Learning about money, financing, budgeting, and investment is never late. In fact, these concepts should be taught at an early age. The basics of a financial course are so important that if you fail to understand, you will make financial mistakes in life.
Financial lessons such as the magic of compounding interest, credit scores, investments, interest on the debt and various other concepts are very important to learn.
If you understand these concepts well then you can acquire money management skills. Here we present you with essential personal finance lessons that you should learn.
|Personal Finance Lessons|
|1. Basics of Budgeting|
|2. Magic of Compounding Interest|
|3. How Interest rates, Credit Card & Loans Work|
|4. Building Credit Score|
|5. Basics of Equity Investment|
|6. Managing your Bank account|
1. Basics of Budgeting
Budgeting is a very important skill that is useful in every aspect of life. It helps in managing and segregating bill payments according to your expenses priority and overcome financial hardships.
It helps in planning your lifestyle expenses based on your monthly income. The monthly or daily expenses that you can plan include paying for bills like rent, insurance, groceries, car payments, and other necessities. You can allocate your expenses and track each and every penny spent
Budgeting is like creating a path for your money to flow so that your spendings are fulfilled.
Check here: What is Budgeting and how to make a Budget?
2. Magic of Compounding Interest
The major advantage of young people is income investing and time factor. Adding income into investment and compounding interest will increase the value of returns.

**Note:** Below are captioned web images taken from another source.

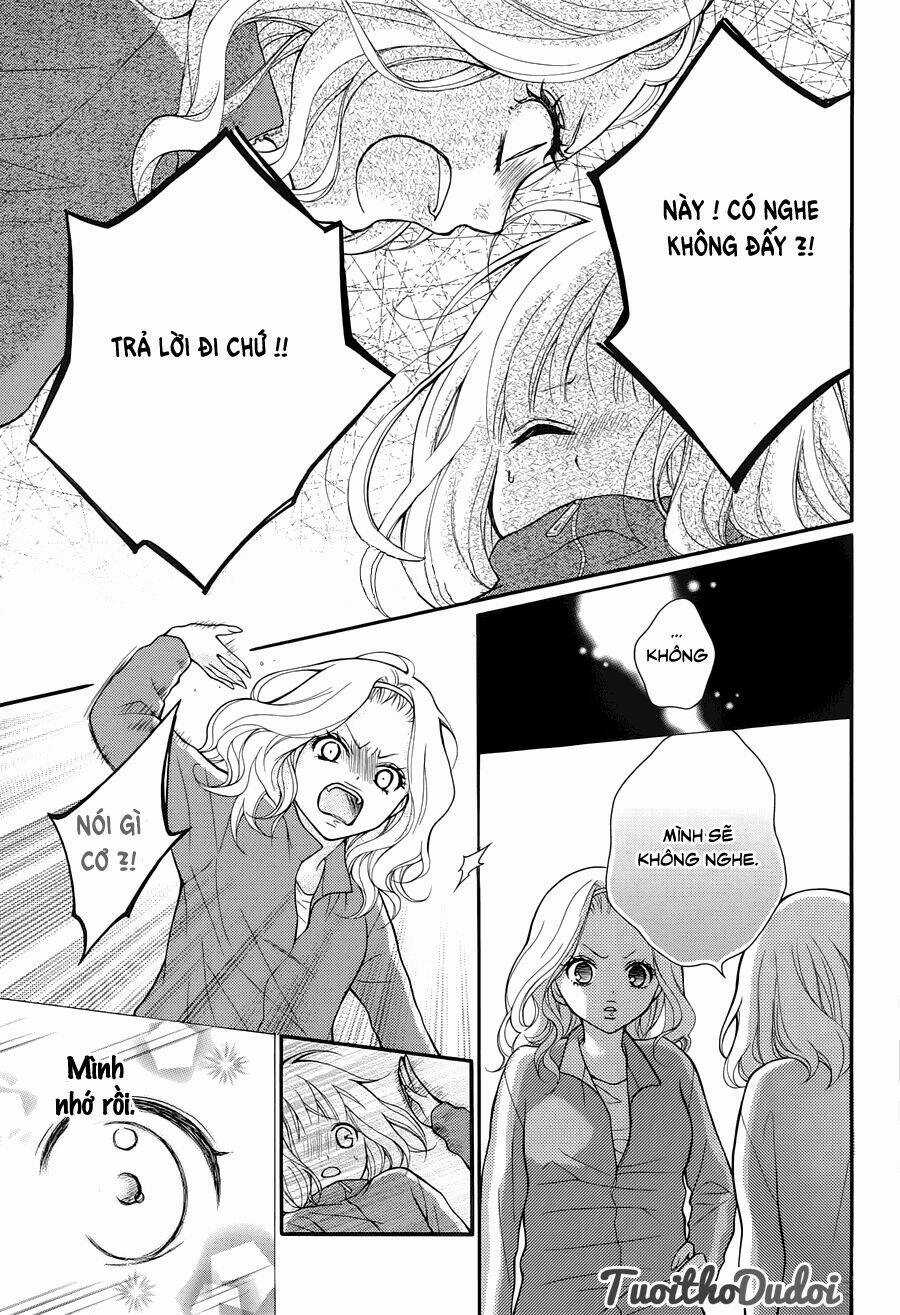 Henyoku No Labyrinth - Chapter 2 - Trang 27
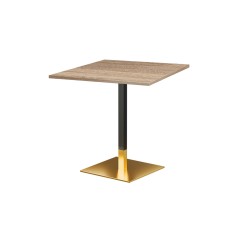 Stolik kawiarniany OMEGA blat laminowany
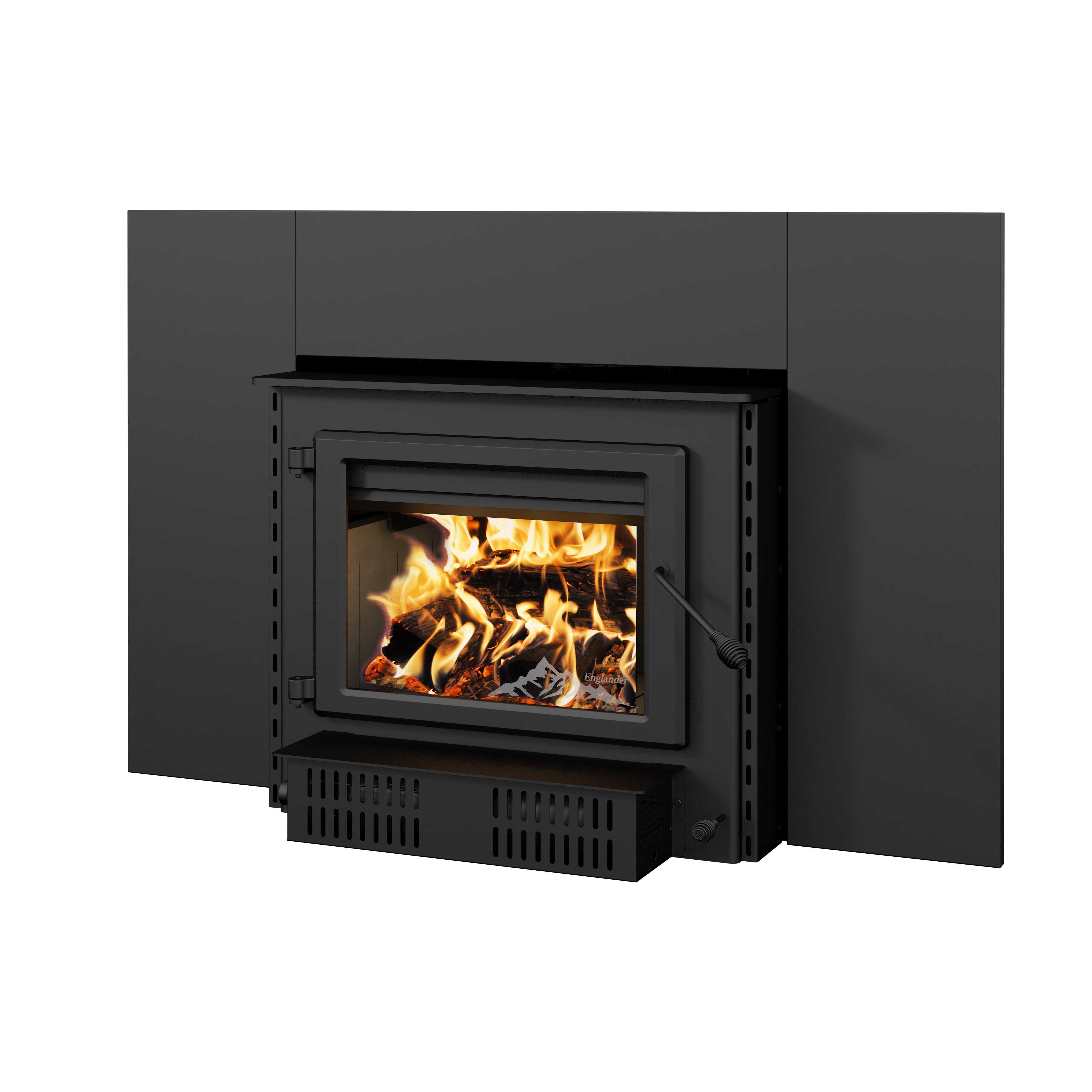 Englander Blue Ridge 500-I EPA Certified High-Efficiency Wood Stove Insert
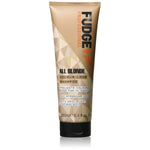 Shampoo Fudge Professional All Blonde shampooflaske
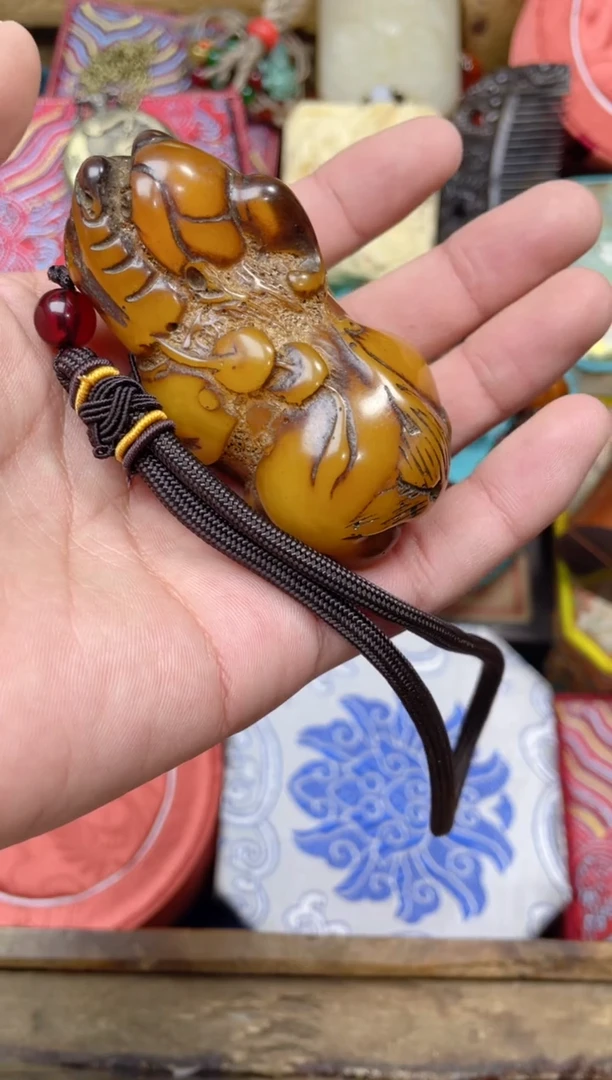 【闪购商品】蜜蜡手链未镶嵌点击链接下单即可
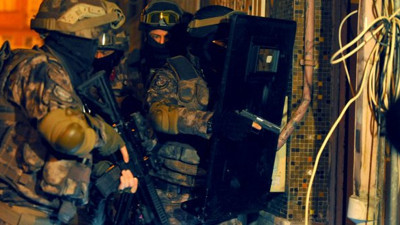 O ilde bir ayda 487 zehir taciri yakalandı!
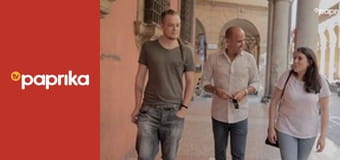 Italské chutě podle Davida Rocca S1E9 - Červená Boloňa je vždycky při chuti Italské chutě podle Davida Rocca S1E9 - Červená Boloňa je vždycky při chuti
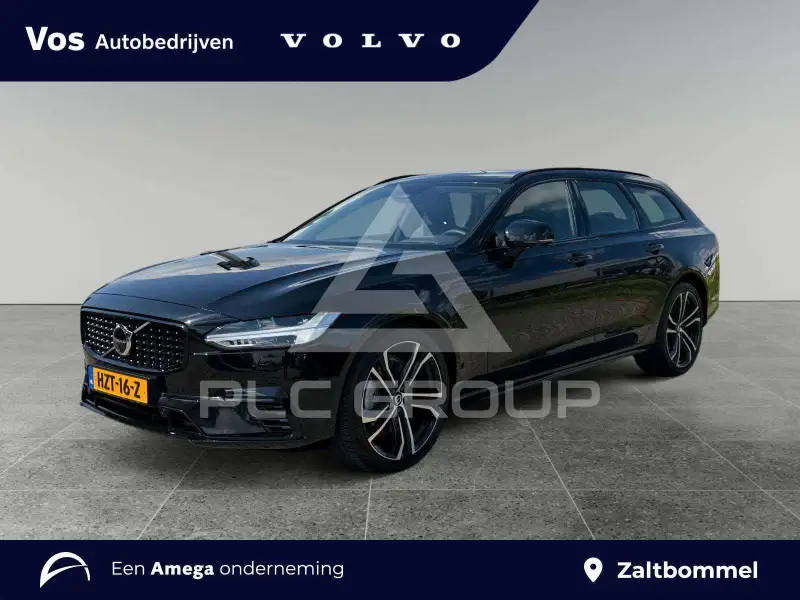 2025 Volvo V90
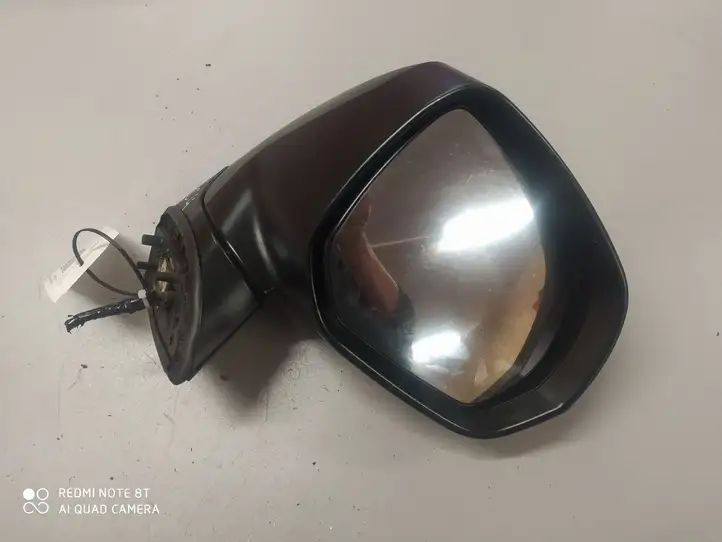 Citroen C4 I Picasso (2006 - 2013) 026375 Боковое зеркало с электроприводом — фото 1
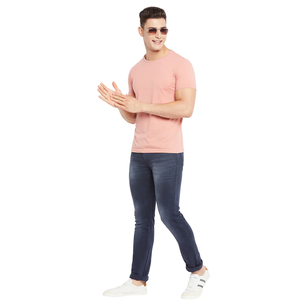 Camisetas unisex elegantes de tela de primera calidad, ideales para uso diario, impresión personalizada, tops de moda para todas las estaciones. - Product Image 3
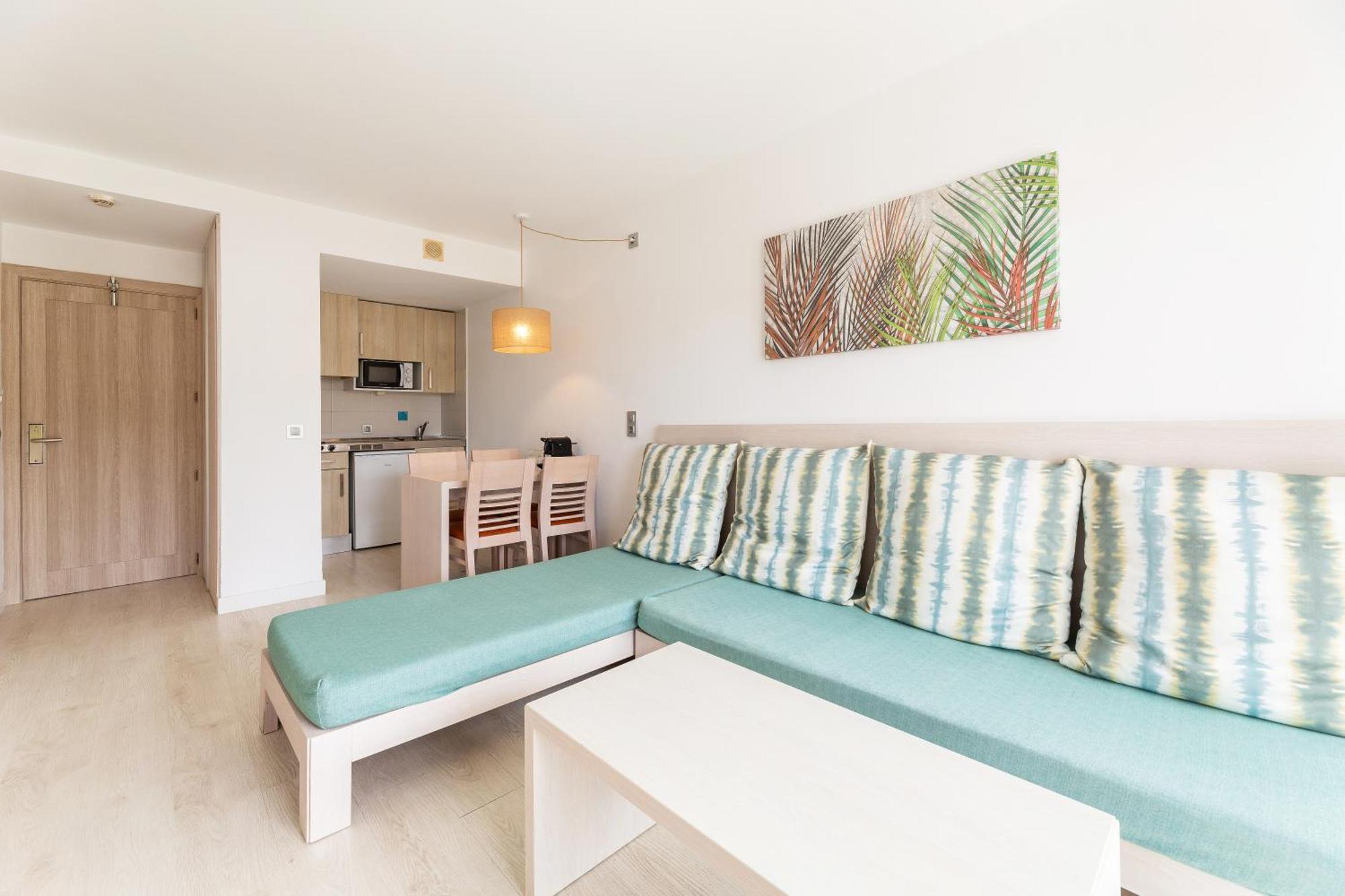 Palm Garden Apartment Port de Alcudia  Exterior foto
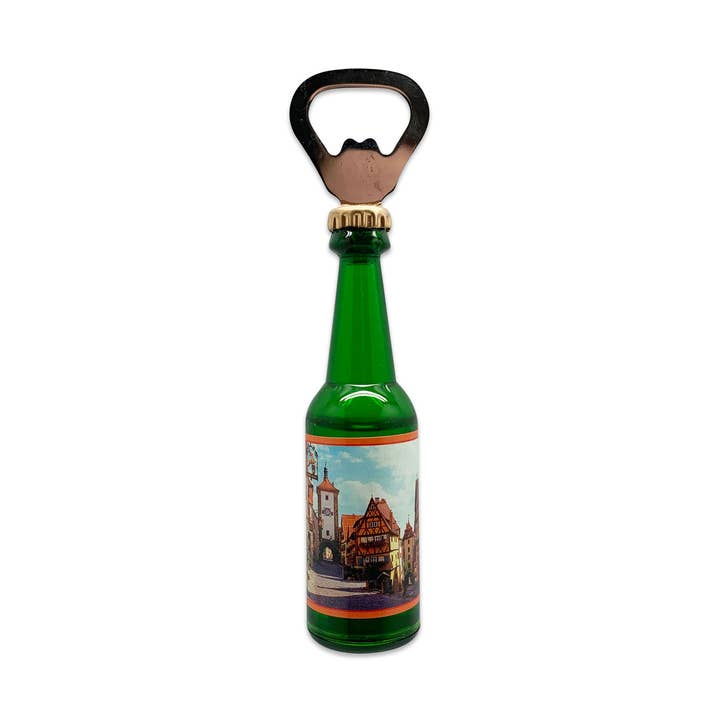 Rothenberg Oktoberfest Party Magnetic Bottle Openers for wholesale by European Heritage Gifts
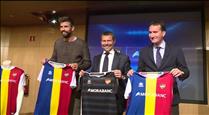 El president del FC Andorra: "Està clar que la segona B no és rendible, hem d'intentar pujar a segona A"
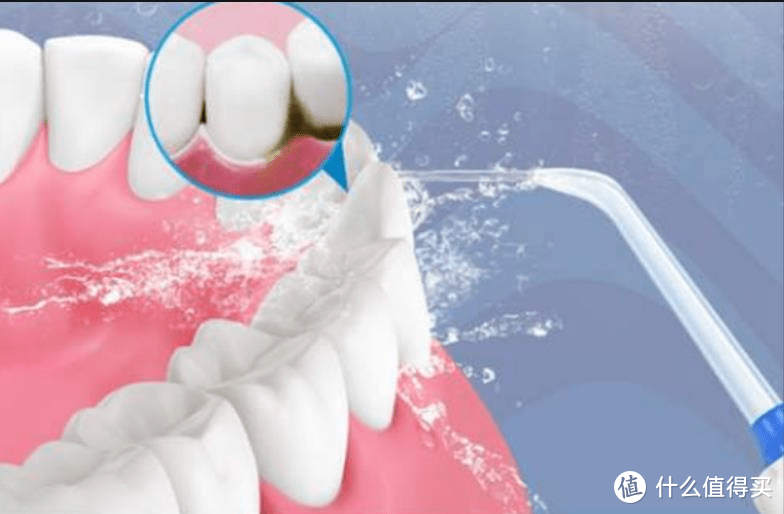 牙齿健康看得见，素诺智能可视冲牙器C3 pro让你的牙齿更干净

Putting small amounts of money in high-interest savings accounts will build a wealth component with compound interest year after year.
Compounding Interest is calculated on the principal amount and also on the accumulated interest of previous periods. It is creating interest. When compounding interest is applied to investments the accumulated income will be very high. This is the reason it is termed as magical compounding interest.
3. How Interest rates, Credit Card & Loans Work
You can get your Credit cards at the age of 18 years. At an early age, having a good knowledge of how credit cards and interest rates work will make you understand how credit money works.
Credit cards give you money as credit. You can make any purchases using credit cards. You also earn reward points on every purchase. You have to pay the credit card amount after a month. But if you do not pay as per the schedule you will be charged high interest which will work against you.
Credit card interest accrues daily when you carry an unpaid balance on the card. Interest on a credit card will be huge on monthly statements if you are not paying your dues on time.
It is smart to avoid paying interest. Use credit on your credit card by paying off your monthly bills.
Like credit cards, even loans have a high-interest rate. Loans are issued by banks and private lenders. There are different types of loans such as secured loans, unsecured loans/ personal loans, car loans, payday loans, and appliance loans.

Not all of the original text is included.